Beethoven in 1803 |
This segment could be entitled "Some People & Places Behind the Eroica."
Given the news today – pick your horror story: Ebola, ISIS, gun violence, political campaigns, what-have-you – it's sometimes difficult to imagine yourself living in some other era that could be any worse (your good-old-days or someone else's).
We often view Art as a means of escaping from our daily travails, a chance to forget about reality and lose ourselves in the glories of some past century.
But we often forget about the composer's reality at the time this music was being written and usually dismiss it as unnecessary to our enjoyment of it.

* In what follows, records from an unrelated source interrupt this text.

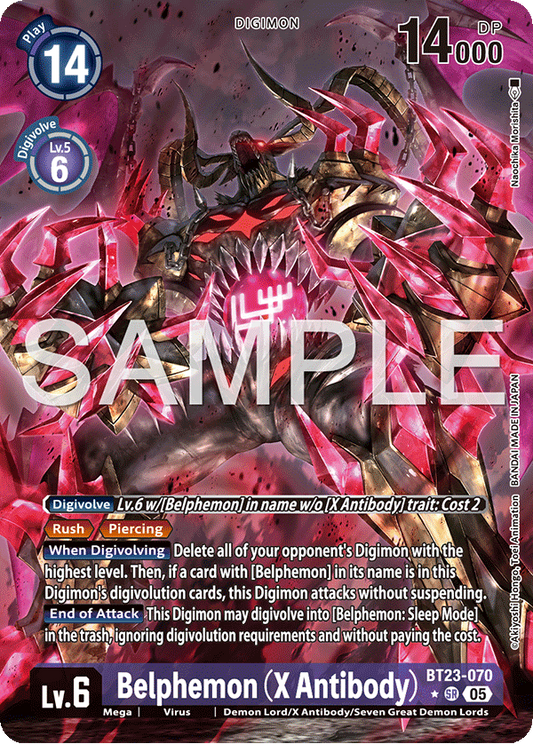 Belphemon (X Antibody) BT23-070 (Alternate Art)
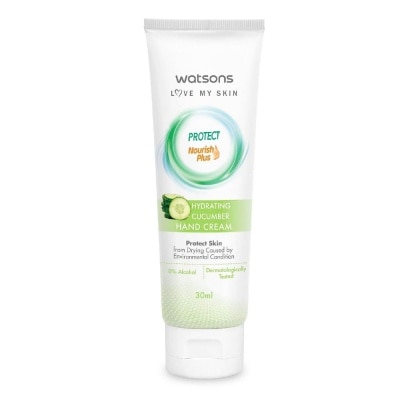 WATSONS Hydrating Cucumber Antibacterial Hand Cream (Kills 99% Germs & Bacteria) 30ml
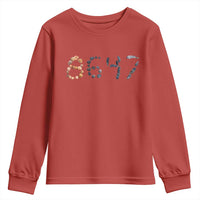86 47 Seashell Graphic Subtle Summer Coastal Youth Sweatshirt Viral 2026 Beach Walk Political Satire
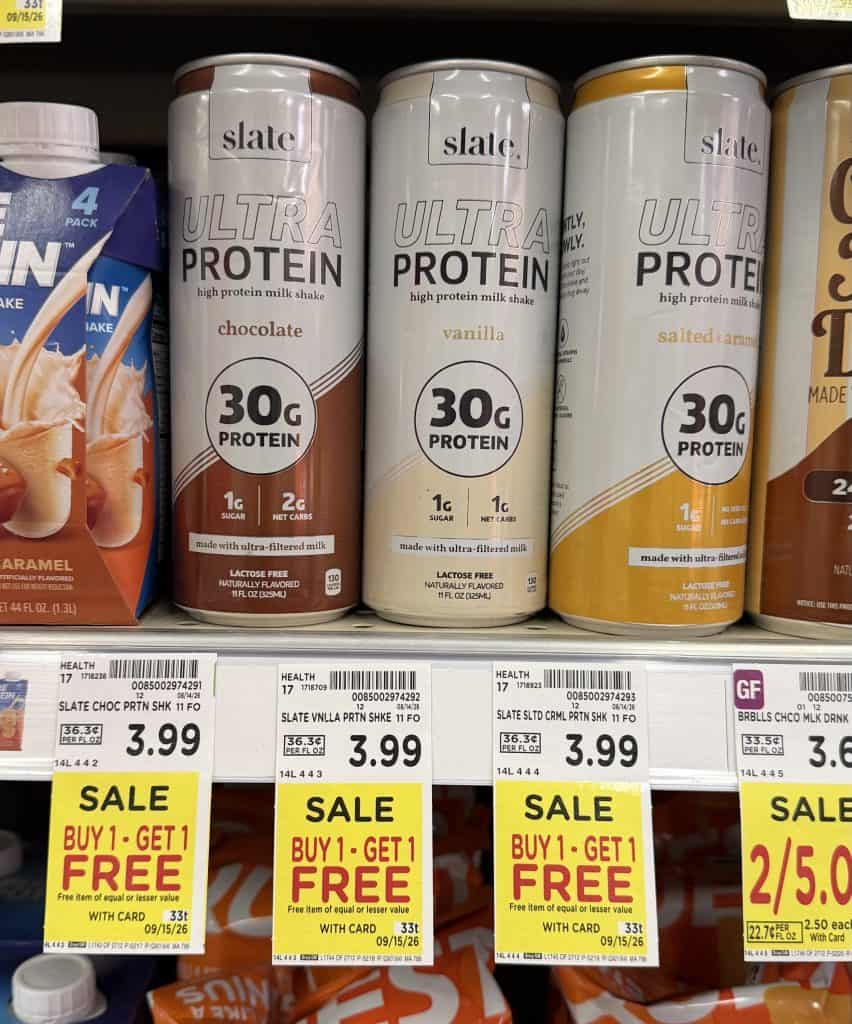 slate protein kroger shelf image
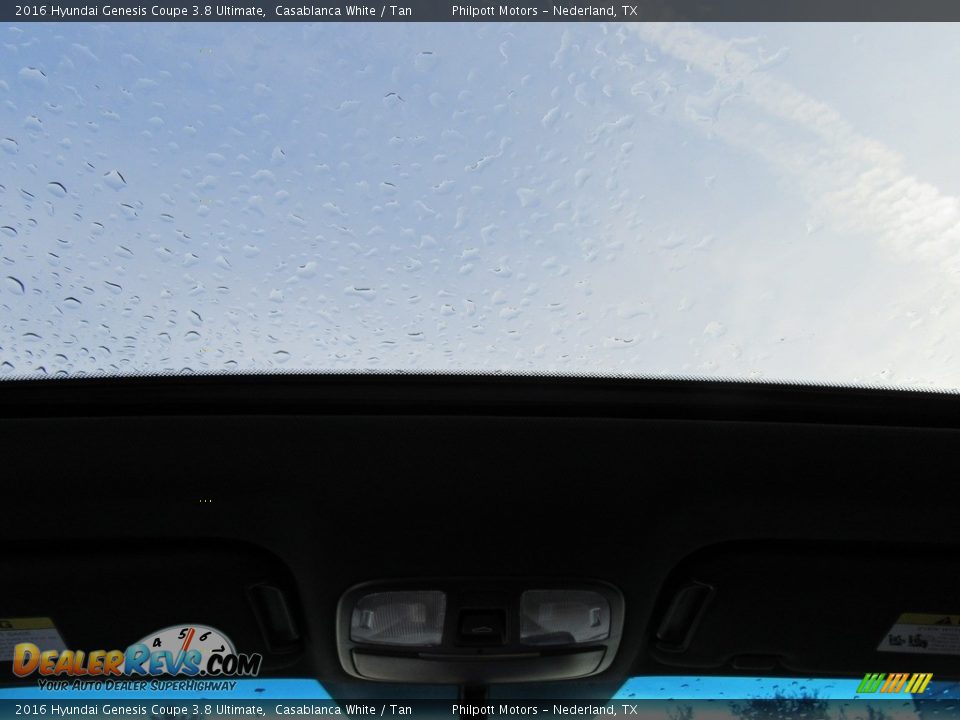 2016 Hyundai Genesis Coupe 3.8 Ultimate Casablanca White / Tan Photo #23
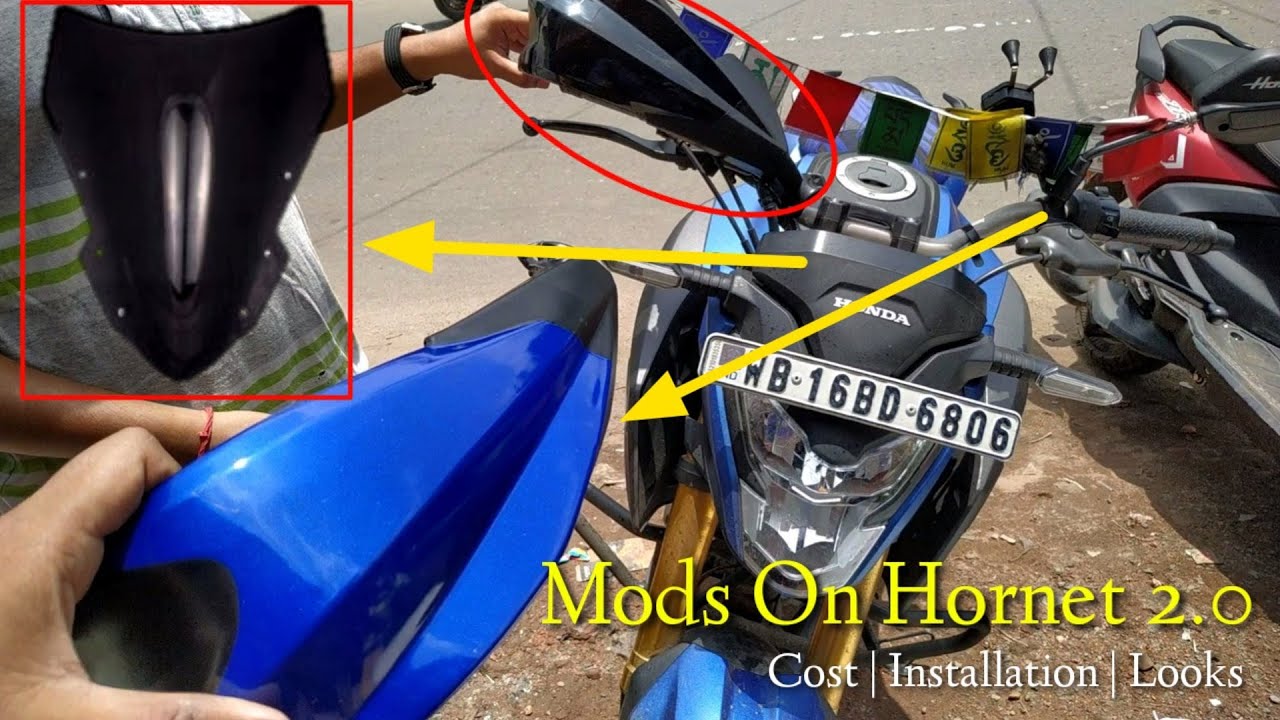 Honda Hornet 2.0 Windshield & Handle Guard Installation 🔥 Part 1 #hornet2 #viral #bikemodification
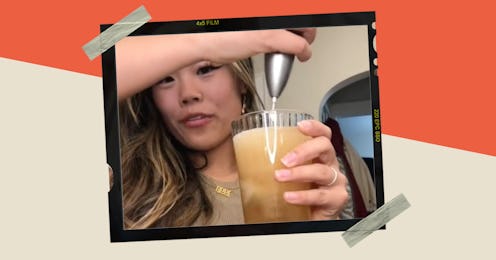 On TikTok, using a milk frother on a hard seltzer is the latest viral hack.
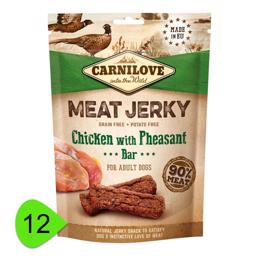 Carnilove Jerky Chicken & Pheasant ProteinBar With Chicken & Pheasant STOR KÖP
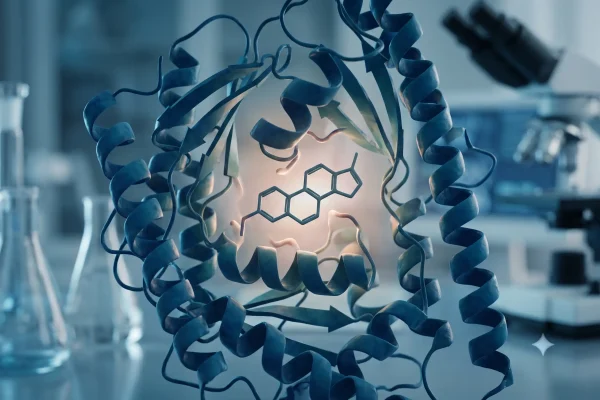 SLU-PP-332 small molecule binding an estrogen-related receptor, not a peptide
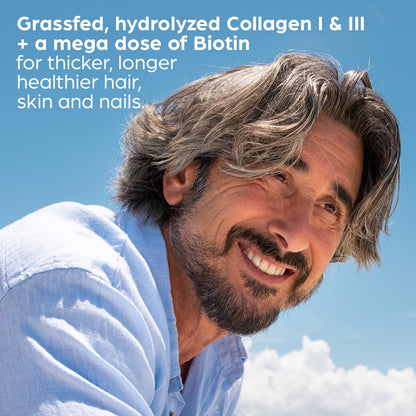 Flip My Life Collagen Peptides + Biotin, Hyaluronic Acid & Vitamin C - For Hair, Skin, Nails - Gut Health/Joint Support - Ageless Beauty Blend Supplement Powder for Men/Women - 9g Protein—26 Servings Flip My LifeBuy Supplements Australia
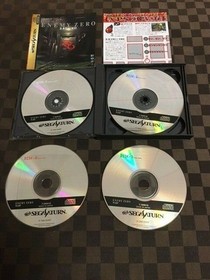 Sega Saturn Game 5 set Neo Genesis Evangelion , Enemy Zero , Gekkamugentan etc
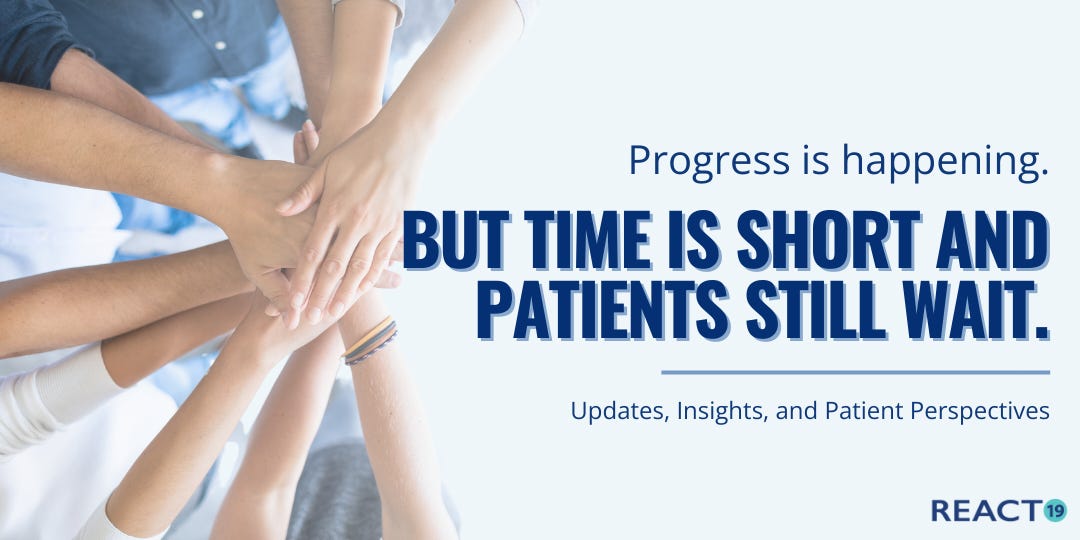 COVID Shot Injuries — Progress is happening. But time is short and patients still wait. 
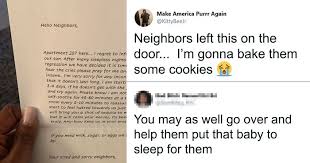 Any man or woman that hates the works of my hands, be disappointed, in the name of jesus. Woman Shares A Letter She Got From Her Neighbors With A Baby And It Goes Viral Bored Panda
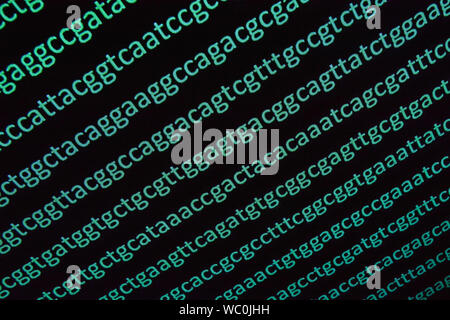 DNA-Sequenzierung. Abstract background-genomischen Sequenz. Stockfoto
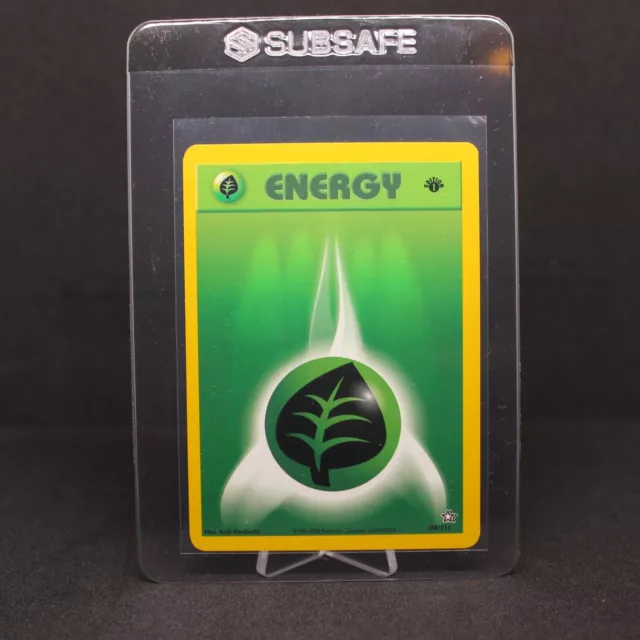 🌟 1st Edition Grass Energy | Neo Genesis 108/111 | Moderately Played VG WOTC 🌟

Granted, one can enjoy Beethoven's Eroica without knowing what was going on in his life or beyond hearing how it had once been dedicated to Napoleon Bonaparte.
But if, after you've heard this composition – regarded as the first major work to unleash what became known as 19th Century Romantic Music – you wondered “where did that come from?”, then read on.
To open last season, Stuart Malina programmed Stravinsky's ballet The Rite of Spring which is credited as being where 20th Century Music began. This season, he begins with Beethoven's Eroica which is usually given the credit for being the starting point for the 19th Century, dividing what's become standard classical music fare from the 18th Century's Baroque and Classical styles.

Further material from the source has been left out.